Searching for pages:

In [33]:
import wikipedia

results = wikipedia.search("Budapest")
results

['Budapest',
 'Budapest Honvéd',
 'Gare de Budapest-Nyugati',
 'Arrondissements de Budapest',
 'Métro de Budapest',
 'Bataille de Budapest',
 'Papp László Budapest Sportaréna',
 'MTK Budapest FC',
 'Gare de Budapest-Déli',
 'Ligne H8 du HÉV de Budapest']

Downloading an article:

In [34]:
article = wikipedia.page("Budapest")

article.summary[:100]

'Budapest (prononcé [by.da.ˈpɛst] , hongrois : Budapest [ˈbu.dɒ.pɛʃt]  ; allemand : Budapest ou ancie'

The content attribute contains the full text:

In [35]:
type(article.content), len(article.content)

(str, 92420)

By default the module downloads the English Wikipedia. The language can be changed the following way:

In [36]:
wikipedia.set_lang("fr")

In [37]:
wikipedia.search("Budapest")

['Budapest',
 'Budapest Honvéd',
 'Gare de Budapest-Nyugati',
 'Arrondissements de Budapest',
 'Bataille de Budapest',
 'Métro de Budapest',
 'Papp László Budapest Sportaréna',
 'MTK Budapest FC',
 'Gare de Budapest-Déli',
 'MTK Budapest']

In [38]:
fr_article = wikipedia.page("Budapest")
fr_article.summary[:100]

'Budapest (prononcé [by.da.ˈpɛst] , hongrois : Budapest [ˈbu.dɒ.pɛʃt]  ; allemand : Budapest ou ancie'

## 3.0 Change the language back to English and test the package with a few other pages.

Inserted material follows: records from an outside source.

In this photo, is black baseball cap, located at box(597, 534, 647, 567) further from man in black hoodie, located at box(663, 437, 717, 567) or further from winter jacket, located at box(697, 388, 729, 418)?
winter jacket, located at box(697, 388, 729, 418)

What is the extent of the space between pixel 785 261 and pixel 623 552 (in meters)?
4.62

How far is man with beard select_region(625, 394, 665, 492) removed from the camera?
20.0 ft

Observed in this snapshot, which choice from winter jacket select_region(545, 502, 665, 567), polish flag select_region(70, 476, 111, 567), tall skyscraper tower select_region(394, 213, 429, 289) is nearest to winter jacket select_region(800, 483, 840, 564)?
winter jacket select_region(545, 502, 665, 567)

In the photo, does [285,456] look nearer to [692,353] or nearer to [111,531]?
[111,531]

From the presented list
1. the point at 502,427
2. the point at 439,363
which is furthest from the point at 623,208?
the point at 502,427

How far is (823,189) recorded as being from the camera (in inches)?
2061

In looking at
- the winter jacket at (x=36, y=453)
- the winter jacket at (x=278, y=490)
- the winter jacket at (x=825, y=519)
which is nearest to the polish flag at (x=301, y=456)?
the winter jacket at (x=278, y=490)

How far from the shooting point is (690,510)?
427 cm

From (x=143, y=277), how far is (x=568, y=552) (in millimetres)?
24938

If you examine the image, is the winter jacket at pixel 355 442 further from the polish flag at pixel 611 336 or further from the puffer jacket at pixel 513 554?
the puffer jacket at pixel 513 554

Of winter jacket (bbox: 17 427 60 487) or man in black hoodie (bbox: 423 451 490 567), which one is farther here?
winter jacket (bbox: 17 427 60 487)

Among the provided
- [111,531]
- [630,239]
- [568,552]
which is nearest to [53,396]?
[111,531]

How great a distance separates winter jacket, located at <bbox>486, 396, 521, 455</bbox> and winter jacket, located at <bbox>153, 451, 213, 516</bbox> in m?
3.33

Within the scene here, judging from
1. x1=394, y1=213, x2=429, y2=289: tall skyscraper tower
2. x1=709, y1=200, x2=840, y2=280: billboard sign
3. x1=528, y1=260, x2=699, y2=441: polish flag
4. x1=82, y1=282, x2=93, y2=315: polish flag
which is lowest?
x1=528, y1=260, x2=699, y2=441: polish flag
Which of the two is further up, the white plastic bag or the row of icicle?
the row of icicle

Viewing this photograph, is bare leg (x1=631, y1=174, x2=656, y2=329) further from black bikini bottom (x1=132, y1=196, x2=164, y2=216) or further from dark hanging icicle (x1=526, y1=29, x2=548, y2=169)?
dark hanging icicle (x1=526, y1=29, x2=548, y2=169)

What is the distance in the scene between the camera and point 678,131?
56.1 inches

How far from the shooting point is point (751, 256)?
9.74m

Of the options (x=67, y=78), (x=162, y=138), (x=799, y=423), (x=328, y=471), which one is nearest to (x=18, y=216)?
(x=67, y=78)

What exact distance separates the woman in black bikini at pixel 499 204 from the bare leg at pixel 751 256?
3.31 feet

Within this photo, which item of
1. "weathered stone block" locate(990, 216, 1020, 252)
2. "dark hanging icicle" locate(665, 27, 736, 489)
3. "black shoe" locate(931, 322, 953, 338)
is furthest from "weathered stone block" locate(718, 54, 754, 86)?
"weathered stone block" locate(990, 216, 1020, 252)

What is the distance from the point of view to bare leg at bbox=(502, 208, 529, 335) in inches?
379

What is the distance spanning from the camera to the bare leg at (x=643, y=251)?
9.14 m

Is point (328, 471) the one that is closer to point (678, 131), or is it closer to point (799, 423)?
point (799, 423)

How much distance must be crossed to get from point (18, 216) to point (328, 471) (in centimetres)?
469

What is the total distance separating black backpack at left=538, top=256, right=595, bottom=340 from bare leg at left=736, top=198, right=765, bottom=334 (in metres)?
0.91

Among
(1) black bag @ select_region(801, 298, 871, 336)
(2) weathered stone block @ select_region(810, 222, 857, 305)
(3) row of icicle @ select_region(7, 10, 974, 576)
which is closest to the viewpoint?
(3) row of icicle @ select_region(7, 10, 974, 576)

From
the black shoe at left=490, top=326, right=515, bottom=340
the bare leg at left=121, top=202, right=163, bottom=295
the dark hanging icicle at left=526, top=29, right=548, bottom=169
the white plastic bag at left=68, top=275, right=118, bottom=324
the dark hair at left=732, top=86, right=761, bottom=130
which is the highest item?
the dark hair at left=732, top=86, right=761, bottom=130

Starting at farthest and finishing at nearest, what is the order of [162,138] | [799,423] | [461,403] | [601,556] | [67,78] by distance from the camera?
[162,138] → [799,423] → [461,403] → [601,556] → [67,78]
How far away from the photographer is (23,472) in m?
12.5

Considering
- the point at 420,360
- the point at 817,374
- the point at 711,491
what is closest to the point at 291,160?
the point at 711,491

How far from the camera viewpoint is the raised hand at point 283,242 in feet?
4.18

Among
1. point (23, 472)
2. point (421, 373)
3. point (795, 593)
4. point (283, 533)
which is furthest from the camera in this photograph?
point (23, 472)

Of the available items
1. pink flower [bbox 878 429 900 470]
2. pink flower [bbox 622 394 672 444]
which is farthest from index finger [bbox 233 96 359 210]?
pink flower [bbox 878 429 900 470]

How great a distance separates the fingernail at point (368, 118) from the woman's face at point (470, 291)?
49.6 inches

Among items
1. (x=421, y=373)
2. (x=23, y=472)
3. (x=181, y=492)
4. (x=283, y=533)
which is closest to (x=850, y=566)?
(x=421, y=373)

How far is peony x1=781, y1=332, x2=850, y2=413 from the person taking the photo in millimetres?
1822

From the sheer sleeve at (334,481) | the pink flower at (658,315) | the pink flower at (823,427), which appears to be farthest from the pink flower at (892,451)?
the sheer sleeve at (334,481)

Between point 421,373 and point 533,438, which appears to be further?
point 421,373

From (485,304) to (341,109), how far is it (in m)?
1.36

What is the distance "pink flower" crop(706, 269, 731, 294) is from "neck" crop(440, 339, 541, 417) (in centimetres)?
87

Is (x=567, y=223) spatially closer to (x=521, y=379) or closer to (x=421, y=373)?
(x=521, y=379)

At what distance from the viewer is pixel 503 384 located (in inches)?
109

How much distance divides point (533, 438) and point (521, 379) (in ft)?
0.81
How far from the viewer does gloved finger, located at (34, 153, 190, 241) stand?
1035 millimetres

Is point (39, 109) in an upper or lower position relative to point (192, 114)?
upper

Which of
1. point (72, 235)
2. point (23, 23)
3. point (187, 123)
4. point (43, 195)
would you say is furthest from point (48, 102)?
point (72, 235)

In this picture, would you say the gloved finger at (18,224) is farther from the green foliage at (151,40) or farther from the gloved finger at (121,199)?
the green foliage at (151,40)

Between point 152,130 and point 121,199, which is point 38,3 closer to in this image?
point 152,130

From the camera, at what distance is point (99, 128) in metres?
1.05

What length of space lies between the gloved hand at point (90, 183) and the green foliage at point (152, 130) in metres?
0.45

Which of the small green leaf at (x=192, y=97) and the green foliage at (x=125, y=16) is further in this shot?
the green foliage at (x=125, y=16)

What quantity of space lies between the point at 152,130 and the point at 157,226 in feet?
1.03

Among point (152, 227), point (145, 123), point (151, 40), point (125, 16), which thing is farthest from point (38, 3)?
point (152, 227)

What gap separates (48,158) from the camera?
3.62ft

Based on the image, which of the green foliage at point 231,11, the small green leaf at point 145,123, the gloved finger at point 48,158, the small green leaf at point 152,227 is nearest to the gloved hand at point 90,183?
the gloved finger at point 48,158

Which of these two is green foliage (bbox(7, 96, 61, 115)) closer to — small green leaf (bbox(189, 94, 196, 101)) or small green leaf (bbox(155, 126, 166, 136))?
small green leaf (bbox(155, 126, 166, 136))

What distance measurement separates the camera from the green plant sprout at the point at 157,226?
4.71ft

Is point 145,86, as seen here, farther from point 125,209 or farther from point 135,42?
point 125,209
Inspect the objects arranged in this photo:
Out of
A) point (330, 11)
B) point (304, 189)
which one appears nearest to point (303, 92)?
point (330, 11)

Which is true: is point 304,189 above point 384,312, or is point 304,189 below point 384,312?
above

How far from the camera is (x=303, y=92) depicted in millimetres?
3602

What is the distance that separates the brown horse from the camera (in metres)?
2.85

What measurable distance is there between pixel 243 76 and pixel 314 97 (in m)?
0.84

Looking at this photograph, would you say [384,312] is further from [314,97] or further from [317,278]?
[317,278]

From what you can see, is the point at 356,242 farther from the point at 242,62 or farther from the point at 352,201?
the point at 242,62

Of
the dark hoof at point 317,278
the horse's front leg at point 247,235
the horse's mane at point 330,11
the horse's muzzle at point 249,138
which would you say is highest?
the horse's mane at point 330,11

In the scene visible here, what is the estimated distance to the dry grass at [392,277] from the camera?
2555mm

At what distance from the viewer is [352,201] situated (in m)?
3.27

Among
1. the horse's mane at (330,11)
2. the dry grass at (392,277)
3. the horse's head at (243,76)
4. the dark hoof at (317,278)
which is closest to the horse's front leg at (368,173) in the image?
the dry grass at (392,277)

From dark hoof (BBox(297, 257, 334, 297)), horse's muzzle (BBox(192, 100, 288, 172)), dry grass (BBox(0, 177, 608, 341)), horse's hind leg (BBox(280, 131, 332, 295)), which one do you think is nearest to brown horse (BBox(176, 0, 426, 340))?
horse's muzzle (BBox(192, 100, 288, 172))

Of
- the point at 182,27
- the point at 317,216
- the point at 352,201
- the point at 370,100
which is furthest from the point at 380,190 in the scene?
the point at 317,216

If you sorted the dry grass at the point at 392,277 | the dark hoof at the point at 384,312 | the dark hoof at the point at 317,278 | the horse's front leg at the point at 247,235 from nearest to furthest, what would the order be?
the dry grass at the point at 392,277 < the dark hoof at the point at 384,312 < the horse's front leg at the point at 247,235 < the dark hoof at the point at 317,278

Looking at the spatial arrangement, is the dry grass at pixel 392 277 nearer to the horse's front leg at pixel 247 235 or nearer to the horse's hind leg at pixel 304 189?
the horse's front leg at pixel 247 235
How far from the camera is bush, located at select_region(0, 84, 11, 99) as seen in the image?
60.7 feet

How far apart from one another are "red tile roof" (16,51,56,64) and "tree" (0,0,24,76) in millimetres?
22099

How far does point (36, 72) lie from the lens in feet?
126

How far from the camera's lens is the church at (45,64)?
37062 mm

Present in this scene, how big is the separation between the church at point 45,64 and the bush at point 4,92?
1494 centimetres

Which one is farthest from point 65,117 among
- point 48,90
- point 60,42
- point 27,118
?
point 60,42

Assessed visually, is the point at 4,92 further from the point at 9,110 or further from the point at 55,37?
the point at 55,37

## 3.1 Download 4-5 arbitrary pages from the English Wikipedia (they should exceed 100000 characters combined) and compute the word frequencies using your previously defined function(s). Print the most common 20 words in the following format (the example is not the correct answer):

```
unintelligent <TAB>  123456
moribund <TAB>   123451
...
```

The words and their frequency are separated by TABS and no additional whitespace should be added.

## 3.2 Repeat the same exercise for your native language if it denotes word boundaries with spaces. If it doesn't choose an arbitrary language other than English.

## 3.3 Define a function that takes a string and returns its bigram frequencies as a dictionary.

Character bigrams are pairs of subsequent characters. For example word `apple` contains the following bigrams: `ap, pp, pl, le`.

They are used for language modeling. 

## 3.4 Using your previous English collection compute bigram frequencies.

What are the 10 most common and 10 least common bigrams?

## \*3.5 Define a function that takes two parameters: a string and an integer N and returns the N-gram frequencies of the string. For $N=2$ the function works the same as in the previous example.

Try the function for $N=1..5$. How many unique N-grams are in your collection?

## 3.6 Compute the same statistics for your native language.